Medizin-Tipp: Myopie (Kurzsichtigkeit)

Die Kurzsichtigkeit (Fachausdruck: Myopie) ist heute auf der Welt so weit verbreitet, dass Augenärzte geradezu von einer Epidemie sprechen. In den meisten westlichen Industrienationen sind nach Erhebungen oder Schätzungen rund 40 Prozent der Erwachsenen kurzsichtig. In Südostasien ist die Kurzsichtigkeit, vor allem unter jungen Menschen, noch häufiger; in Singapur, Hongkong, Taiwan und anderen Regionen sind in den High Schools und Universitäten typischerweise 80 Prozent und mehr der Studierenden, Schülerinnen und Schüler kurzsichtig.
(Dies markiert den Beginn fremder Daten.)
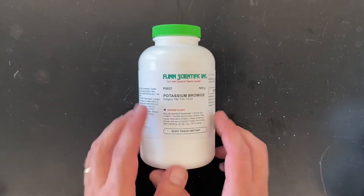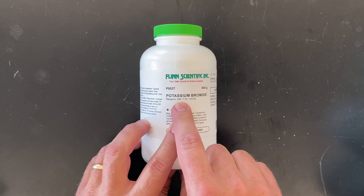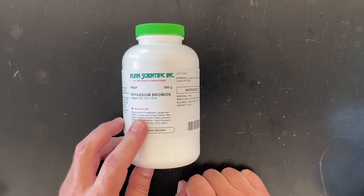Some potassium bromide, which we'll use for a couple of demos this year. It's just potassium and bromine, with a formula weight of 119. That's a 500 gram bottle of that as well.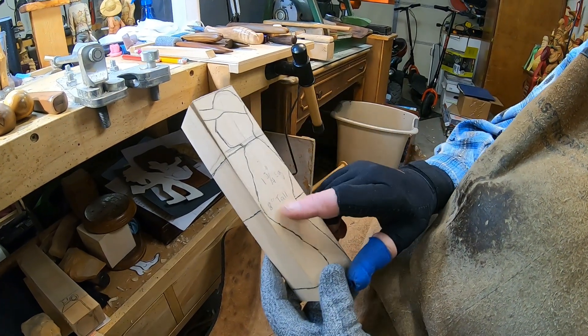Then you can come in with a number three shallow gouge and start cutting back to help remove the wood. All these tools I'm using right now are my hogging tools. You want to keep going down to your lines and come across here. This right here would be the point of the stomach, or the highest part of the stomach.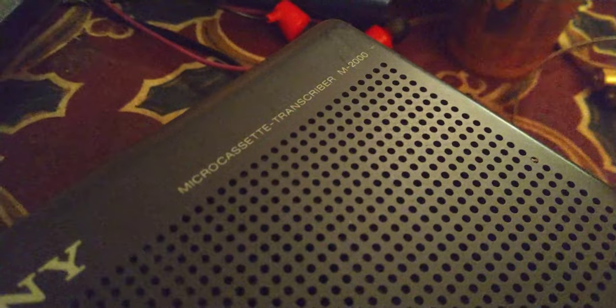Sony microcassette transcriber M-2000. This is rather old — I don't know what year this was made in, maybe around the late 80s, early 90s.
Dieser Brechungsfehler des Auges bedeutet, dass man auf größere Distanzen - und das heißt bereits bei einer leichten Kurzsichtigkeit von einer Dioptrie: ab einem Meter - undeutlich sieht. Kurzsichtige bedürfen zur Korrektur ihres Sehfehlers (und vor allem, um Autofahren zu können) einer Brille oder Kontaktlinsen; wenn die Fehlsichtigkeit sich stabilisiert hat und nicht weiter zunimmt (typischerweise nach dem 20. Lebensjahr), kann sie mit einer Operation des Auges, einem sogenannten refraktiven Eingriff wie Lasik behoben werden.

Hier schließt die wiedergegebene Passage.